For Calling, Boyle adapted her essays so that the other members of her family have their own voices -- expressions that are magnified, she says, by having a rainbow of ethnicities in those leading roles. What Boyle began as a personal project she now likens to "Our Town for a small group of people living at Ground Zero."

After the opening scene -- a flurry of troubled voices -- subsequent scenes tell the story after the World Trade Center has been hit by planes. The parents fret; then the mother character, based on Boyle, heads to the school. The towers fall. The family joins the community in cleaning up the rubble and helping survivors. The steady work triggers a sense that a return to a predictable, everyday existence is imaginable; scene six is titled "Playing at Normalcy." The opera ends in a universal post-traumatic expression of grief and despair, but with a harmony-filled coda:

 

  • All there is: Air, Water, Time Space and Belief.
    For those of us with more hope than hate.

 

Boyle says Calling is more accessible than the esoterica often associated with La MaMa E.T.C., the experimental performance space where it is being staged. (Boyle was La MaMa's executive director from the late 1980s through the ’90s; she's now a freelance writer for the New York Times and several national magazines.) The layered score brings its protagonists "from dissonance to harmony. I told Doug I didn't want the music to be difficult." But she also insists it "is definitely not September 11 -- The Musical!"

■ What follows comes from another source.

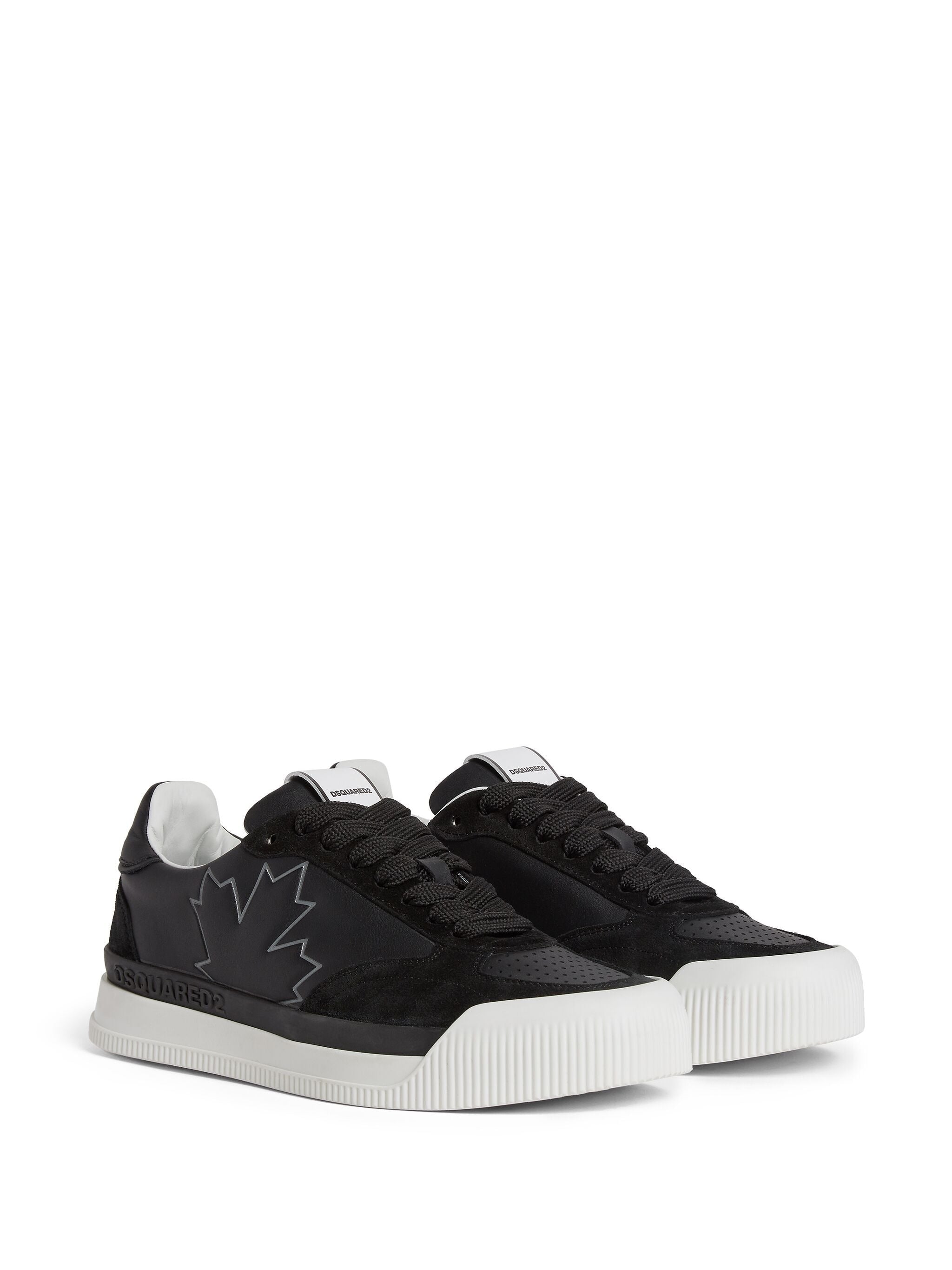 DSQUARED OGO-PRINT LOW-TOP SNEAKERS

Following a low-key preview performance and fund-raiser on September 11, Calling will run through September 28 at La MaMa. Boyle says she wants to keep the tale in context vis-a-vis the world-changing event that begat it: "There's an honesty to saying, This is my tiny story, of a mother running to get her kids." Being too close to the material or losing perspective, she says, isn't a problem, since "I have this wonderful son who says, at every point in the process, 'It's not the Wicki Boyle Show, Mom.'" Still, it's the intensely personal aspects of Calling that may call out most strongly to audiences still cautious about how our culture should treat the most devastating event in recent U.S. history.